▼▼▼

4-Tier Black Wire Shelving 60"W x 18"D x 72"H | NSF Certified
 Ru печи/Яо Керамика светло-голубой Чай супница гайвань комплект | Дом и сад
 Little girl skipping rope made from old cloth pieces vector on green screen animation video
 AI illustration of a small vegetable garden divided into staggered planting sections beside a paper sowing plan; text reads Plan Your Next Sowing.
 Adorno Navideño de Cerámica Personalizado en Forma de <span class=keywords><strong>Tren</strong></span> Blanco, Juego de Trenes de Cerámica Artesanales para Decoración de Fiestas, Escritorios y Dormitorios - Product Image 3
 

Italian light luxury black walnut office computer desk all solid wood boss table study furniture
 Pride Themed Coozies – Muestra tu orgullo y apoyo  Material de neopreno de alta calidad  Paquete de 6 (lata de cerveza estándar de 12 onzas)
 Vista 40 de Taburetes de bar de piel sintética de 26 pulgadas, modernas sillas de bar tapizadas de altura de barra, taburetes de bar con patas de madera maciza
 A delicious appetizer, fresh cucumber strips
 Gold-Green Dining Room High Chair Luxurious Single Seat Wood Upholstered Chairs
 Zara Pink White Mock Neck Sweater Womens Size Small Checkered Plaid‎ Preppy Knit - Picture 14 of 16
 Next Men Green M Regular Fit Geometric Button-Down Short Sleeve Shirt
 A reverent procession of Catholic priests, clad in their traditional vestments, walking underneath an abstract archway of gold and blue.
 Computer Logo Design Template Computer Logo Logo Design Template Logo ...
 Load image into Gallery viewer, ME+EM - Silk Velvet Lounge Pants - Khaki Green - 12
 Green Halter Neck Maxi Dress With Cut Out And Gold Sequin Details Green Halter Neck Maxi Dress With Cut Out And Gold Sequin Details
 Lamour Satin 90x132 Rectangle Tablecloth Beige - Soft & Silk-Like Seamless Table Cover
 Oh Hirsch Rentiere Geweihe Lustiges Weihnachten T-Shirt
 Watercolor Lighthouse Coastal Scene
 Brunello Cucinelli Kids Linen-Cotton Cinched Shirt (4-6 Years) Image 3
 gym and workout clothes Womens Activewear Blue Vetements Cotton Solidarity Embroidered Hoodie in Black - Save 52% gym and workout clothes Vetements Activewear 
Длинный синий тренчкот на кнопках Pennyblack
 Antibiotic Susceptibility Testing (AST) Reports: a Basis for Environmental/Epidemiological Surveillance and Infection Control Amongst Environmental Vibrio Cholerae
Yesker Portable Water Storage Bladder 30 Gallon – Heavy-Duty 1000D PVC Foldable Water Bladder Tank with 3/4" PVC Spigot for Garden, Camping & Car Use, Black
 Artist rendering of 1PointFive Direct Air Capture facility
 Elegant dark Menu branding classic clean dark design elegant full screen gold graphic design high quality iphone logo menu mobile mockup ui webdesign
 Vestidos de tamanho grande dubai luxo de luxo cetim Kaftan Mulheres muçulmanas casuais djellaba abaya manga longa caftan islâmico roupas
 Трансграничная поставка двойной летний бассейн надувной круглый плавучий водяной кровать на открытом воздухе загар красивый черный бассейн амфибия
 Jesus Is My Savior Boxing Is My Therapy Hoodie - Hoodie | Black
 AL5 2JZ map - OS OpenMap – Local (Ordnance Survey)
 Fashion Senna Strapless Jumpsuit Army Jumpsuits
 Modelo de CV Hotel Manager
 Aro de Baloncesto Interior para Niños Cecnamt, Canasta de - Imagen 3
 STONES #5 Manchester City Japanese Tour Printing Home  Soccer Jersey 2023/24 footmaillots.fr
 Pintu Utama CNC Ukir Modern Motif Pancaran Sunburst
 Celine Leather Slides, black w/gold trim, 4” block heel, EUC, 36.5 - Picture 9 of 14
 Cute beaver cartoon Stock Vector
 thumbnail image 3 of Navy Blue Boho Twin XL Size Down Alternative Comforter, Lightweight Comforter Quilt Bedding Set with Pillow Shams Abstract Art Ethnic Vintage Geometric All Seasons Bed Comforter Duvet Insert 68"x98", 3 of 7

▲▲▲

§ Problem details: Nothing in the listing should change; repeat it in full.

§ Task answer:
4-Tier Black Wire Shelving 60"W x 18"D x 72"H | NSF Certified
 Ru печи/Яо Керамика светло-голубой Чай супница гайвань комплект | Дом и сад
 Little girl skipping rope made from old cloth pieces vector on green screen animation video
 AI illustration of a small vegetable garden divided into staggered planting sections beside a paper sowing plan; text reads Plan Your Next Sowing.
 Adorno Navideño de Cerámica Personalizado en Forma de <span class=keywords><strong>Tren</strong></span> Blanco, Juego de Trenes de Cerámica Artesanales para Decoración de Fiestas, Escritorios y Dormitorios - Product Image 3
 

Italian light luxury black walnut office computer desk all solid wood boss table study furniture
 Pride Themed Coozies – Muestra tu orgullo y apoyo  Material de neopreno de alta calidad  Paquete de 6 (lata de cerveza estándar de 12 onzas)
 Vista 40 de Taburetes de bar de piel sintética de 26 pulgadas, modernas sillas de bar tapizadas de altura de barra, taburetes de bar con patas de madera maciza
 A delicious appetizer, fresh cucumber strips
 Gold-Green Dining Room High Chair Luxurious Single Seat Wood Upholstered Chairs
 Zara Pink White Mock Neck Sweater Womens Size Small Checkered Plaid‎ Preppy Knit - Picture 14 of 16
 Next Men Green M Regular Fit Geometric Button-Down Short Sleeve Shirt
 A reverent procession of Catholic priests, clad in their traditional vestments, walking underneath an abstract archway of gold and blue.
 Computer Logo Design Template Computer Logo Logo Design Template Logo ...
 Load image into Gallery viewer, ME+EM - Silk Velvet Lounge Pants - Khaki Green - 12
 Green Halter Neck Maxi Dress With Cut Out And Gold Sequin Details Green Halter Neck Maxi Dress With Cut Out And Gold Sequin Details
 Lamour Satin 90x132 Rectangle Tablecloth Beige - Soft & Silk-Like Seamless Table Cover
 Oh Hirsch Rentiere Geweihe Lustiges Weihnachten T-Shirt
 Watercolor Lighthouse Coastal Scene
 Brunello Cucinelli Kids Linen-Cotton Cinched Shirt (4-6 Years) Image 3
 gym and workout clothes Womens Activewear Blue Vetements Cotton Solidarity Embroidered Hoodie in Black - Save 52% gym and workout clothes Vetements Activewear 
Длинный синий тренчкот на кнопках Pennyblack
 Antibiotic Susceptibility Testing (AST) Reports: a Basis for Environmental/Epidemiological Surveillance and Infection Control Amongst Environmental Vibrio Cholerae
Yesker Portable Water Storage Bladder 30 Gallon – Heavy-Duty 1000D PVC Foldable Water Bladder Tank with 3/4" PVC Spigot for Garden, Camping & Car Use, Black
 Artist rendering of 1PointFive Direct Air Capture facility
 Elegant dark Menu branding classic clean dark design elegant full screen gold graphic design high quality iphone logo menu mobile mockup ui webdesign
 Vestidos de tamanho grande dubai luxo de luxo cetim Kaftan Mulheres muçulmanas casuais djellaba abaya manga longa caftan islâmico roupas
 Трансграничная поставка двойной летний бассейн надувной круглый плавучий водяной кровать на открытом воздухе загар красивый черный бассейн амфибия
 Jesus Is My Savior Boxing Is My Therapy Hoodie - Hoodie | Black
 AL5 2JZ map - OS OpenMap – Local (Ordnance Survey)
 Fashion Senna Strapless Jumpsuit Army Jumpsuits
 Modelo de CV Hotel Manager
 Aro de Baloncesto Interior para Niños Cecnamt, Canasta de - Imagen 3
 STONES #5 Manchester City Japanese Tour Printing Home  Soccer Jersey 2023/24 footmaillots.fr
 Pintu Utama CNC Ukir Modern Motif Pancaran Sunburst
 Celine Leather Slides, black w/gold trim, 4” block heel, EUC, 36.5 - Picture 9 of 14
 Cute beaver cartoon Stock Vector
 thumbnail image 3 of Navy Blue Boho Twin XL Size Down Alternative Comforter, Lightweight Comforter Quilt Bedding Set with Pillow Shams Abstract Art Ethnic Vintage Geometric All Seasons Bed Comforter Duvet Insert 68"x98", 3 of 7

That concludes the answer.